Hundreds of battle-hardened fighters were positioned inside most houses and high buildings inside the town, making it difficult for government forces to make any progress, army officers told Reuters.

Iraqi government troops captured the town of Mosul from Islamic State in June, but only after eight months of grinding urban warfare.

Smoke rises from clashes during the war between Iraqi army and Shi'ite Popular Mobilization Forces (PMF) against the Islamic State militants in al-Ayadiya, northwest of Tal Afar, Iraq, Aug. 28, 2017.
Smoke rises from clashes during the war between Iraqi army and Shi'ite Popular Mobilization Forces (PMF) against the Islamic State militants in al-Ayadiya, northwest of Tal Afar, Iraq, Aug. 28, 2017.

But one Iraqi officer, Colonel Kareem al-Lami, described breaching the militants' first line of defense in al-Ayadiya as like opening "the gates of hell."

Iraqi forces have in recent days recaptured almost all the northwestern city of Tal Afar, long a stronghold of Islamic State. They have been waiting to take al-Ayadiya, just 11 km (7 miles) northwest of the city, before declaring complete victory.

Tough resistance from the militants in al-Ayadiya has required the Iraqi forces to increase the number of airstrikes, as well as bring in reinforcements from the federal police to boost units from the army, air force, Federal Police, the elite U.S.-trained Counter-Terrorism Service (CTS) and some units from the Shi'ite Popular Mobilization Forces (PMF).

Up to 2,000 battle-hardened militants were believed to be defending Tal Afar against around 50,000 government troops last week.

Military intelligence indicated that many militants fled Tal Afar to mount a staunch defense in al-Ayadiya. Many motorcycles carrying the Islamic State insignia were seen abandoned at the side of the road outside al-Ayadiya.
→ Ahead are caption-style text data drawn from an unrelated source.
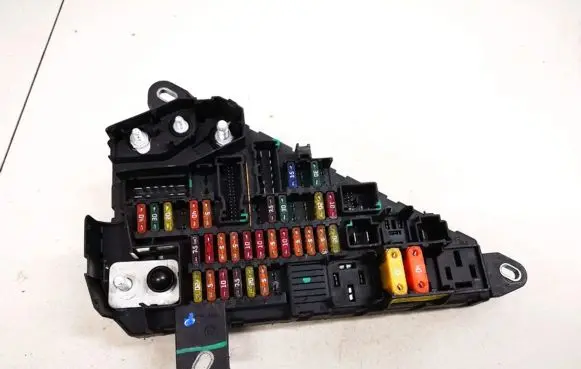 BMW 5 E60 E61 Fuse box set 690658808 6906588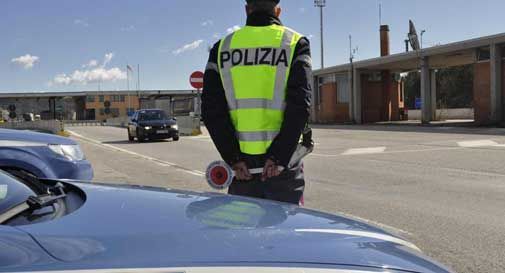 Ubriaco alle 7.40 del mattino, tenta di sfuggire alla polizia 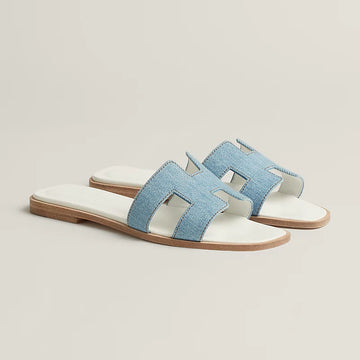 Hermes Oran sandal bleu clair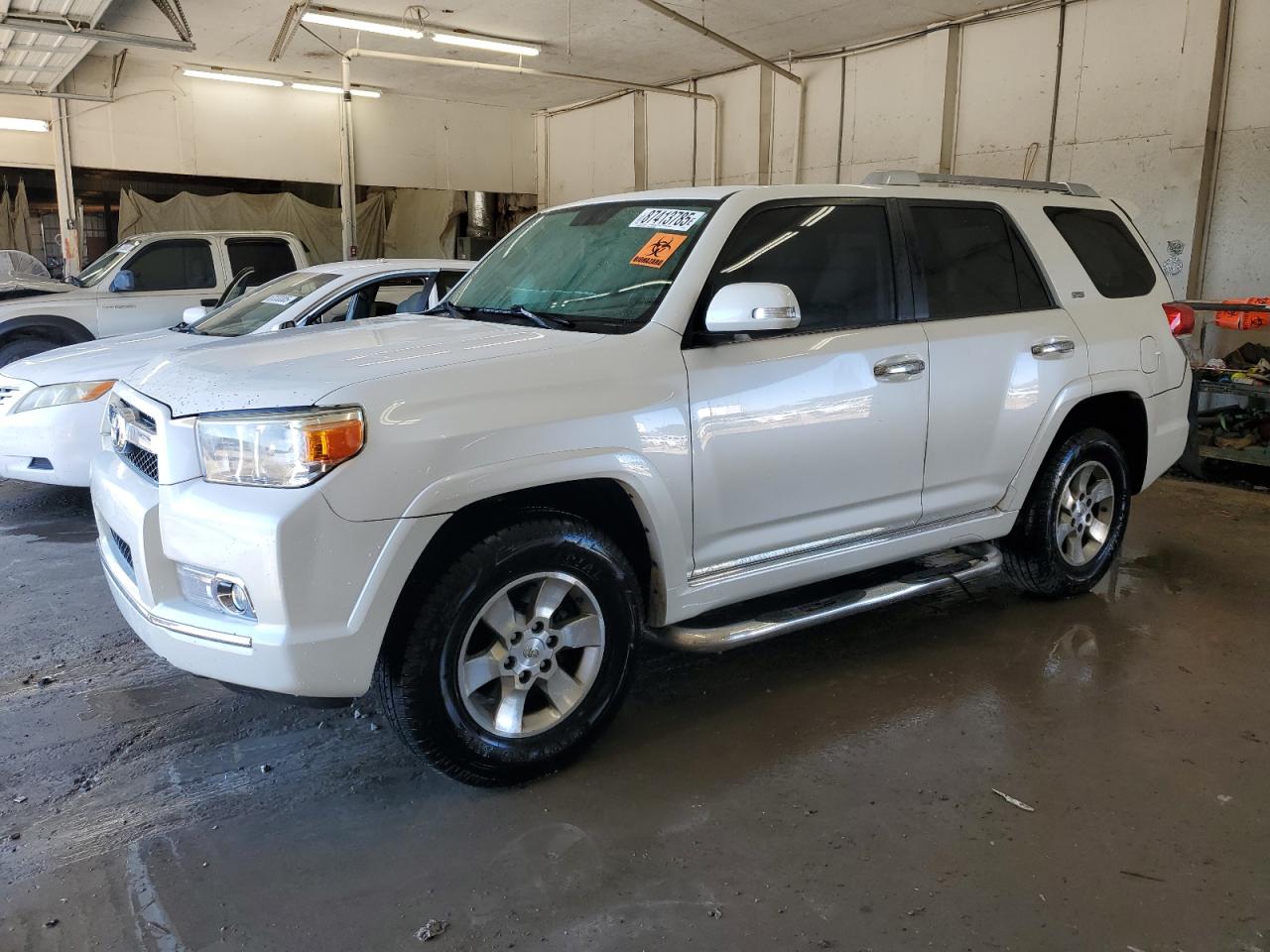 TOYOTA 4RUNNER SR5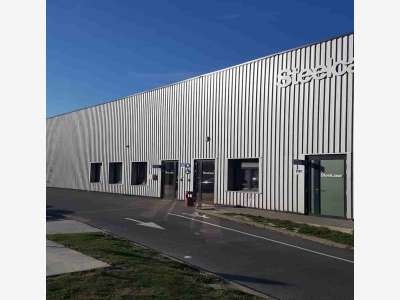 A louer entrepôt logistique 7275m² à Saint-Léonard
A motorcycle used by Islamic State militants is left on the road during the war between Iraqi army and Shi'ite Popular Mobilization Forces (PMF) against the Islamic State militants in al-Ayadiya, northwest of Tal Afar, Iraq, Aug. 28, 2017.
A motorcycle used by Islamic State militants is left on the road during the war between Iraqi army and Shi'ite Popular Mobilization Forces (PMF) against the Islamic State militants in al-Ayadiya, northwest of Tal Afar, Iraq, Aug. 28, 2017.

Though the exact numbers of militants on the ground in al-Ayadiya was still unclear, al-Lami, the Iraqi Army colonel, estimated they were in the "hundreds."
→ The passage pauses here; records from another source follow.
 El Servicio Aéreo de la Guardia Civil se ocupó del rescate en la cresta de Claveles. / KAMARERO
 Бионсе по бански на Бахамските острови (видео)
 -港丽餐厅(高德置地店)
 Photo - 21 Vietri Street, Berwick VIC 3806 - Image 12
"Daesh [Islamic State] fighters in the hundreds are taking positions inside almost every single house in the town," he said.
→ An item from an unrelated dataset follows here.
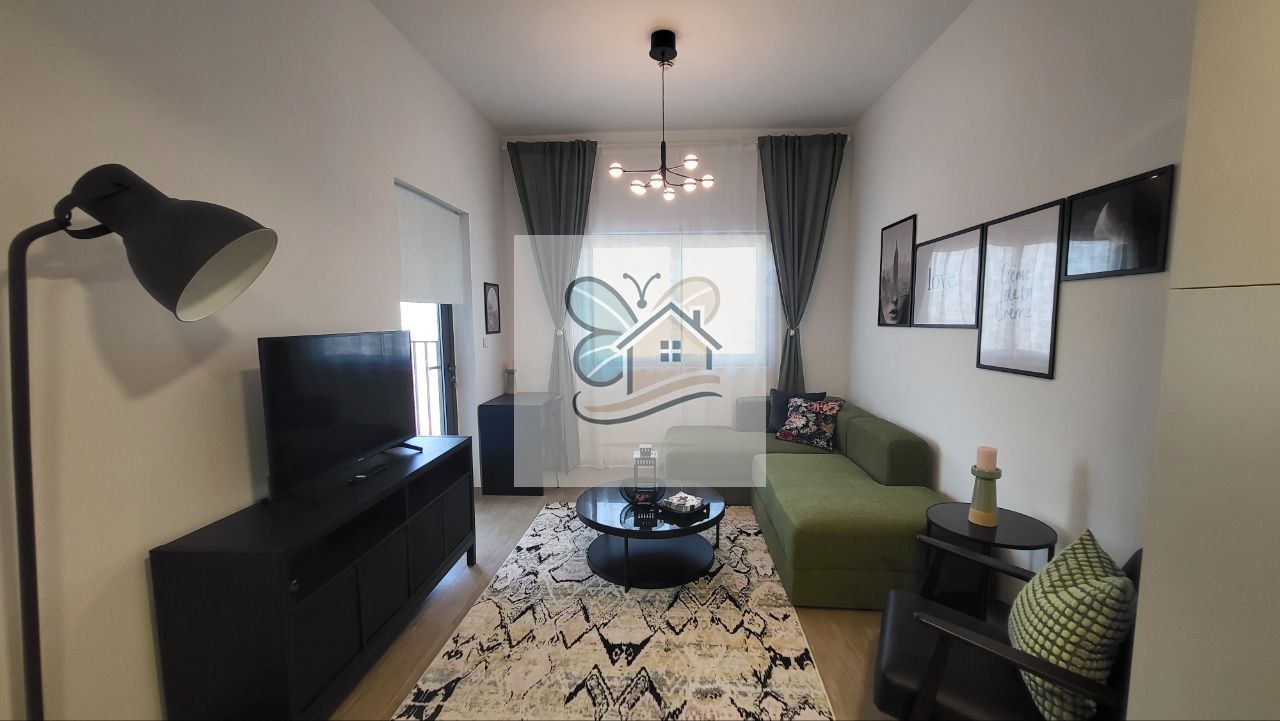 Modern 2 bedroom/ 5minute to Metro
Sniper shots, mortars, heavy machine guns and anti-armored projectiles were fired from every single house, he added.

"We thought the battle for Mosul's Old City was tough, but this one proved to be multiple times worse," al-Lami said. "We are facing tough fighters who have nothing to lose and are ready to die."

Two army officers told Reuters that no significant advances had yet been made in al-Ayadiya. They said they were waiting for artillery and airstrikes to undermine the militants' power.

Tal Afar became the next target of the U.S.-backed war on the jihadist group following the recapture of Mosul, where it had declared its "caliphate" over parts of Iraq and Syria in 2014.